La révolution numérique en tant que telle a commencé il y a un peu plus de 25 ans. Le Web a été inventé en 1989, le premier navigateur en 1993, Google en 1998. La mise en réseau des ordinateurs personnels a provoqué une déflagration : des entrepreneurs se sont lancés pour créer de nouvelles applications et découvrir de nouveaux modèles d’affaires ; des financiers ont investi des milliards de dollars et déclenché une bulle spéculative qui a permis de financer d’immenses infrastructures et les milliers d’entreprises qui cherchaient à en tirer parti. Lorsque la bulle a éclaté, en 2000, tout cela est resté en place. Plusieurs pays, dont la France, se sont détournés du numérique, croyant à tort que cette « nouvelle économie » ne serait qu’un feu de paille. La Silicon Valley, elle, a continué à investir et à faire grandir ces entreprises numériques dont la multiplication et la croissance nous font entrer dans une nouvelle phase : la transition numérique. Plus une entreprise numérique court, plus elle court vite et elle ne s’arrête que lorsqu’elle a conquis la totalité de son marché. C’est pourquoi Google domine à ce point la recherche en ligne, Amazon la vente de détail ou Uber le transport en ville.

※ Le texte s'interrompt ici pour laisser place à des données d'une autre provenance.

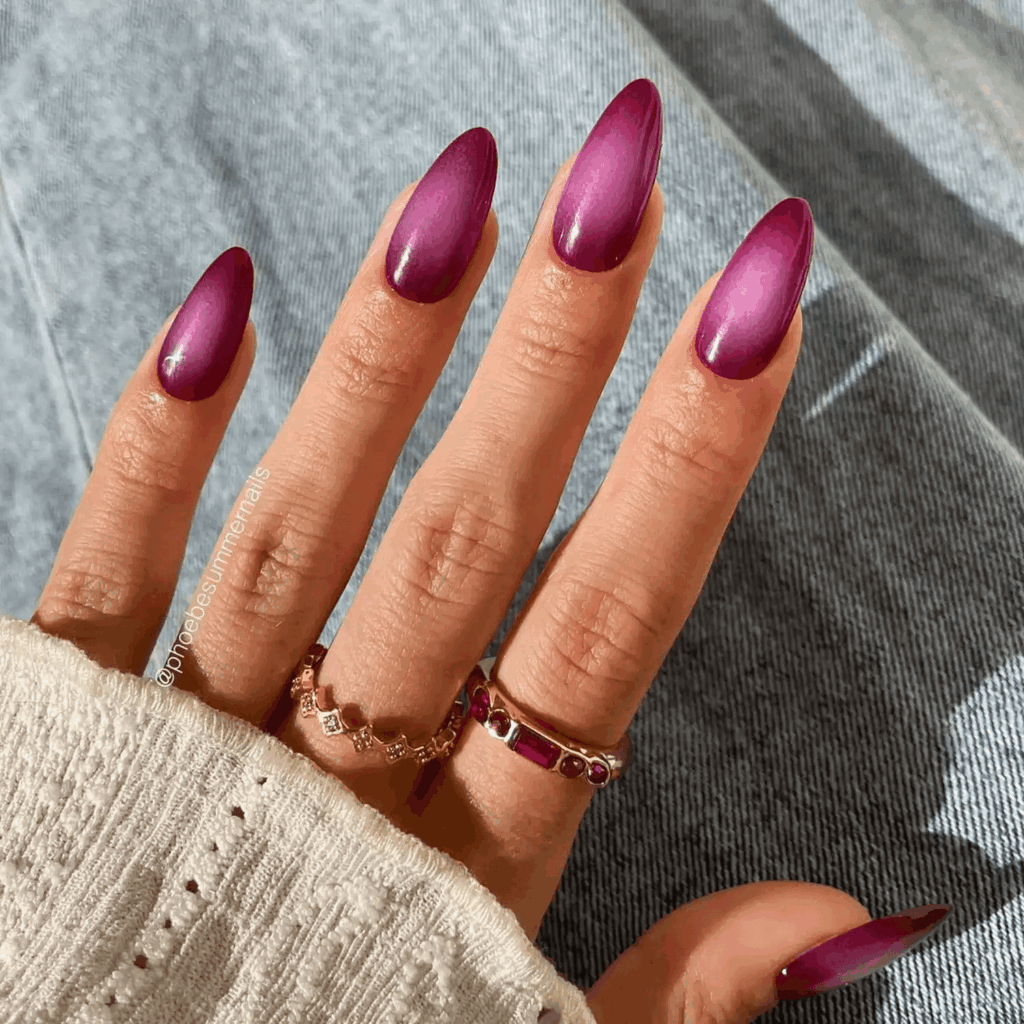 Deep plum nails featuring a lighter lavender aura center. by phoebesummernails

Le numérique se distingue de l’économie traditionnelle, fordiste, pour reprendre l’expression des auteurs, sur deux plans : un changement beaucoup plus rapide, du fait des phénomènes des rendements croissants et des effets de réseau, et la concentration sur un nombre restreint de pays. Nos institutions, héritées de la période antérieure, ne sont plus adaptées. Mais ce n’est pas parce que le numérique les met en danger qu’il faudrait nous forcer à ralentir la course et ne pas évoluer. Encore aujourd’hui, le discours de nos élites au sujet du numérique est teinté de peur et de rejet.
C’est la raison d’être de cet ouvrage : Ne pas se contenter des idées reçues, dissiper les malentendus. Les auteurs ont, méthodiquement, recensé 25 questions qu’inspirent le numérique auxquelles ils se sont efforcés de répondre pour nous permettre de nous faire notre propre opinion. Grâce à un style alerte et vivant et à une parfaite connaissance du sujet, les auteurs mettent le doigt sur toutes les questions qui cristallisent le plus de craintes.
La peur de voir nos emplois salariés remplacés par des automates ou par des indépendants, la question des données personnelles affichées sur la place publique, la mise à nu du pire de la nature humaine, la pédopornographie, le terrorisme, la radicalisation et le harcèlement sont quelques-unes des questions soulevées.
La prise de conscience d’un bouleversement aussi profond ne s’est manifestée qu’en 2010-2011. Il est nécessaire, à l’heure ou les grandes manœuvres pour la prochaine élection présidentielles ont commencé, de faire entrer le numérique dans le débat politique. Il faut passer à l’action. La puissance viendra des interactions entre les gens, la multitude, plutôt que dans la communication à l’ancienne entre les organisations et les gens. C’est tout l’intérêt de ce livre qui trace les pistes qu’il serait nécessaire d’explorer au plus vite.
Nicolas Colin est ancien haut fonctionnaire et cofondateur d’une société d’investissement. Il est l’auteur de nombreux travaux sur le numérique.
Laetitia Vitaud après une carrière dans l’enseignement en classes préparatoires et à Sciences Po, travaille dans l’économie numérique.